September 25, 2015
Maine

Wind company to pay $2.75M, limit future projects to advance state’s largest farm

Anti-wind group got concessions for letting Bingham project move ahead | By Darren Fishell, BDN Staff | Bangor Daily News | Sept. 25, 2015 | bangordailynews.com

PORTLAND, Maine – Wind power developer SunEdison announced it agreed to give $2.75 million to conservation efforts and limit where it pursues wind farms to advance the state’s largest wind project to date in Bingham.

SunEdison said Friday the conservation fund is one part of an agreement between it and the group Friends of Maine Mountains, which in March withdrew an appeal of the Bingham project before the Board of Environmental Protection.

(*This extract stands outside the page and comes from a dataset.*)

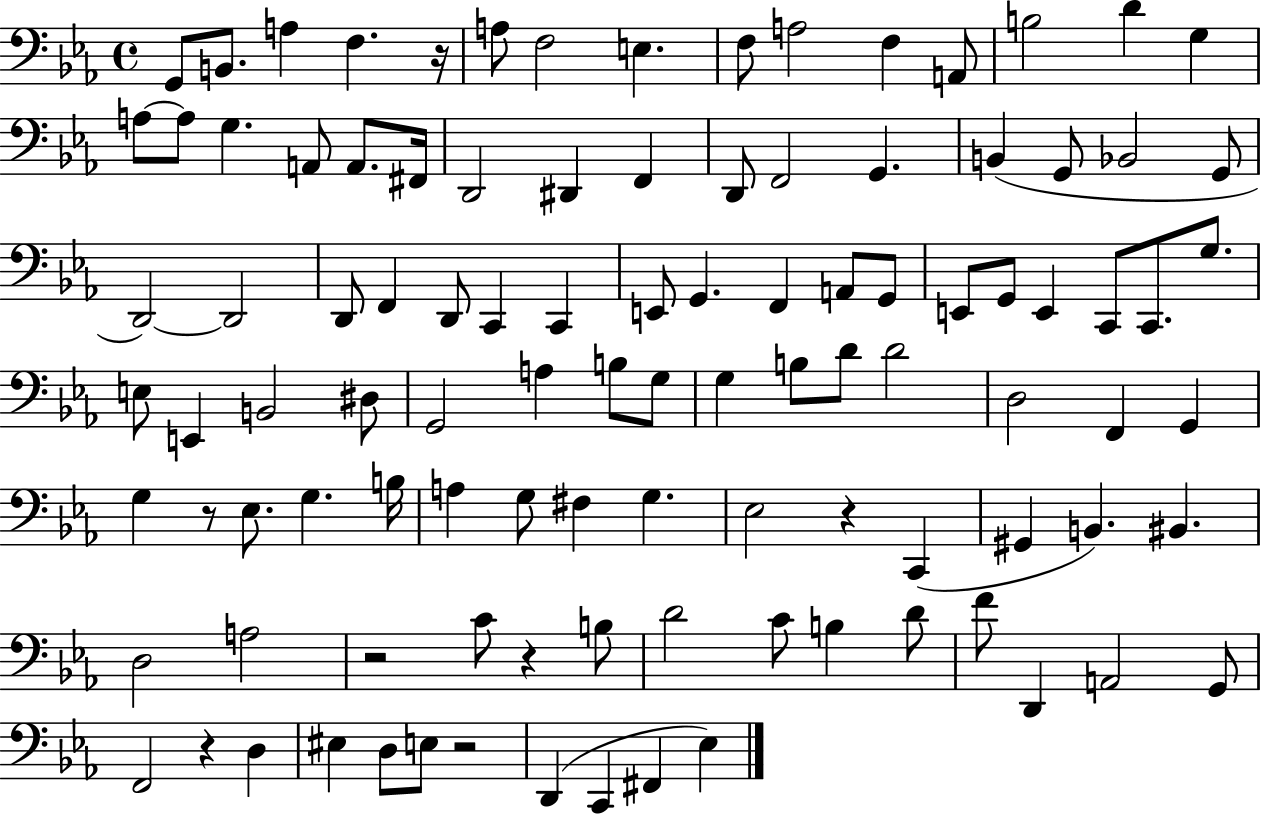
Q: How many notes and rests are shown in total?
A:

The company and nonprofit said they did not announce the agreement at the time in order to line up the specific conservation projects to benefit from the funds, which were selected by FMM, according to its policy director, Chris O’Neil.

The company said it would contribute the $2.5 million to various conservation projects and pursue wind projects only in parts of Aroostook, Somerset, Penobscot, Washington and Hancock counties. None of the funds will go to Friends of Maine Mountains.

The funding will be disbursed through 2017, the company said, with the first $1.5 million disbursed to six groups, including The Trust for Public Land, the Appalachian Mountain Club, the Maine Appalachian Trail Land Trust, the Forest Society of Maine, the Atlantic Salmon Federation and the Mahoosuc Land Trust.

“These funds are being made at a critical time when important conservation work is underway,” Wolfe Tone, The Trust for Public Land’s Maine state director, said. “They will help advance efforts not only to conserve key forestland and habitat but also improve access and the opportunities for everyone to experience remarkable Maine landscapes.”

The deal also includes a 15-mile development buffer zone around the Appalachian Trail, $250,000 to go to Bat Conservation International to study how to deter bats from flying into turbines and a 50 percent increase in the size of the fund set aside for decommissioning the Bingham project.

That issue was a major objection Friends of Maine Mountains had in its appeal to the BEP. Staff of the BEP in late February had recommended approval of the Bingham project, despite FMM’s complaints.

O’Neil wrote in March that the group had “dim prospects” for overturning a permit issued by the Department of Environmental Protection through appeals to the BEP or court system.

The 185-megawatt Bingham project includes 56 turbines located on property in Bingham, Abbot, Parkman, Mayfield Township and Kingsbury Plantation. It has reached agreements to make for 20 years annual payments of $106,900 to Bingham, $20,000 to Moscow, Abbot and Parkman, and $176,000 to Kingsbury Plantation.

The agreement will fund $1.5 million in conservation projects in its first round. It will issue a second round of $1 million for conservation projects in 2017.